**Brief:**
Search the records for the string "garage", then copy each line where it appears.

*** Provided information Section Begins ***

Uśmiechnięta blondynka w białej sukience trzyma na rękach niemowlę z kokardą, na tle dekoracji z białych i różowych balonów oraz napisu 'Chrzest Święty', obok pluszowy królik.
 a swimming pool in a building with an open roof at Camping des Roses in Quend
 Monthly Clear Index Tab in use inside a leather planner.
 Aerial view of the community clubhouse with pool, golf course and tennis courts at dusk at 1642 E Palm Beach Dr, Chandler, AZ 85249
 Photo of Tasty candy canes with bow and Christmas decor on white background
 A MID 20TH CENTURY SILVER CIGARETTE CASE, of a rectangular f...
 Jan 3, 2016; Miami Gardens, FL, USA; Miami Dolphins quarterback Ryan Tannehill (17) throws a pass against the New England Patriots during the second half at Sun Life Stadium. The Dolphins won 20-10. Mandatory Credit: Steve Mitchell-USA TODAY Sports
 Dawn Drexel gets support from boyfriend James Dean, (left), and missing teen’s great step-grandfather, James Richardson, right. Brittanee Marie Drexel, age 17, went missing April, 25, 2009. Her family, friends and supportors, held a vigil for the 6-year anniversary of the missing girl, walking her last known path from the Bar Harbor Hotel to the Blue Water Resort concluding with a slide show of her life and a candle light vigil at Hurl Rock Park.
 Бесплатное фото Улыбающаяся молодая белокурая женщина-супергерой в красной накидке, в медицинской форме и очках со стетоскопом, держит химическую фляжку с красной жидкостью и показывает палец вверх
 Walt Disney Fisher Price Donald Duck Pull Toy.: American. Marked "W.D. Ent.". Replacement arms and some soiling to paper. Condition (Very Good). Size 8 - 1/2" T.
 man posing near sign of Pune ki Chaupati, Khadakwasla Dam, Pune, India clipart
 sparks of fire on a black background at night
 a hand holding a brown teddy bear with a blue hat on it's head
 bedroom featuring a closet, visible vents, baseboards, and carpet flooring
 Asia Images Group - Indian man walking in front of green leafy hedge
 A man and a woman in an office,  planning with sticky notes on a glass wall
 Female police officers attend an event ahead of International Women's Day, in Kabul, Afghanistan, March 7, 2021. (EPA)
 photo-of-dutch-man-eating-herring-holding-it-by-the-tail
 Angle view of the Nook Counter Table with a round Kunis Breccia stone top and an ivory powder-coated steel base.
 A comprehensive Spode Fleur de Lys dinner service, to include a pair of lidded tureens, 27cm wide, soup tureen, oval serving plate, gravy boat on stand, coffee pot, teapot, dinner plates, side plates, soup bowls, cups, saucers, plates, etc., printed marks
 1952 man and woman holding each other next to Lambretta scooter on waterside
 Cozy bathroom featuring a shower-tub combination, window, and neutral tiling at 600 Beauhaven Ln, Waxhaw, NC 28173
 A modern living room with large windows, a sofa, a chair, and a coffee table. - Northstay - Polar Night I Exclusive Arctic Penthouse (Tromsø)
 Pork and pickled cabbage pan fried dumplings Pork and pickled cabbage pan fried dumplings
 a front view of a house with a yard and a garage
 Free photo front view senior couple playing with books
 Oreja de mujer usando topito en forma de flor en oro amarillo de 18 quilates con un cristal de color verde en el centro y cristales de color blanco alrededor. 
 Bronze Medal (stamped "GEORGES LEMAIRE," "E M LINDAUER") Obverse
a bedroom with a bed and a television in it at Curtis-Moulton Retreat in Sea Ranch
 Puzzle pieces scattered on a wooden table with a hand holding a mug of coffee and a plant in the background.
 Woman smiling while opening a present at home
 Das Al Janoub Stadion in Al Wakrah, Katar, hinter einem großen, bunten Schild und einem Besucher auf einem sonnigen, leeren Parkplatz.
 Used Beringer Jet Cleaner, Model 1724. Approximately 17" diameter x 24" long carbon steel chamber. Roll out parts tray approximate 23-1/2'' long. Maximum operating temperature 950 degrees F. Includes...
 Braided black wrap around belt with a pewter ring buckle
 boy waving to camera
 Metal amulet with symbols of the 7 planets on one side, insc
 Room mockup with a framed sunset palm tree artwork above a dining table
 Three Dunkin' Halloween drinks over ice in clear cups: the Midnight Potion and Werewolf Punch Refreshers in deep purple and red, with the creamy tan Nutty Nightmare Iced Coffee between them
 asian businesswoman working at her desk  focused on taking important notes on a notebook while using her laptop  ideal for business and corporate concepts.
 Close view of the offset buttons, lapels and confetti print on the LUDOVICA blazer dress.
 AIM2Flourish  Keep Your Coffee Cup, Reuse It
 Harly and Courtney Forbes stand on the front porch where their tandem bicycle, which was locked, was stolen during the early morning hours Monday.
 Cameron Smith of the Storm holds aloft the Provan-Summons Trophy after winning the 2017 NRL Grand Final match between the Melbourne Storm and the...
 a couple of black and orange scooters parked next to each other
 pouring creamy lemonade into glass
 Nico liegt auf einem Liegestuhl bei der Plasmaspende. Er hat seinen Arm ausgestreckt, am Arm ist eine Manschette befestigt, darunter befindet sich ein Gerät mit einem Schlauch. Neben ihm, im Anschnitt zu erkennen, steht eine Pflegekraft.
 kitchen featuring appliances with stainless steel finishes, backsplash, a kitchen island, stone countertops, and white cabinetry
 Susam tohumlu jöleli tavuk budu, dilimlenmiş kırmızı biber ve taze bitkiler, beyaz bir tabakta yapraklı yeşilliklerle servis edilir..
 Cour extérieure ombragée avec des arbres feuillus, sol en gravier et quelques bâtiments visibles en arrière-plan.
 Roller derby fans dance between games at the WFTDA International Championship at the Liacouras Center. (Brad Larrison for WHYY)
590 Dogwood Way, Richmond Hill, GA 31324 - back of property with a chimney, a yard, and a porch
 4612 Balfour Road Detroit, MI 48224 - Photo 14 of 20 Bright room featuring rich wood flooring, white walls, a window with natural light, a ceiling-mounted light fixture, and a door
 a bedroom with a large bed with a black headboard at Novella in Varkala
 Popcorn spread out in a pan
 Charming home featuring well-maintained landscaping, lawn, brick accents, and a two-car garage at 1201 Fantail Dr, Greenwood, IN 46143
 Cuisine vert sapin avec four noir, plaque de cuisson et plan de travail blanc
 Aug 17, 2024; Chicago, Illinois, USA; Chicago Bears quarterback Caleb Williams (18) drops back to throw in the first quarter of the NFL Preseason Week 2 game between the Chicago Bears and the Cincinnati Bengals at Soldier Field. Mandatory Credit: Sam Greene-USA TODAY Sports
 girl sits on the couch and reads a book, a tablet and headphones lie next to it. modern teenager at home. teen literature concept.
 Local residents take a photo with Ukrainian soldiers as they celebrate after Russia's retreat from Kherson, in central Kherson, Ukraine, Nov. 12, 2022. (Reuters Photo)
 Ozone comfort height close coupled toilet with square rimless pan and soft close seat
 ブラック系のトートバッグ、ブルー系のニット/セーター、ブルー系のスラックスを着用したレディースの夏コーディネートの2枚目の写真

*** Provided information Section Ends ***

**Answer box:**
 a front view of a house with a yard and a garage
 Charming home featuring well-maintained landscaping, lawn, brick accents, and a two-car garage at 1201 Fantail Dr, Greenwood, IN 46143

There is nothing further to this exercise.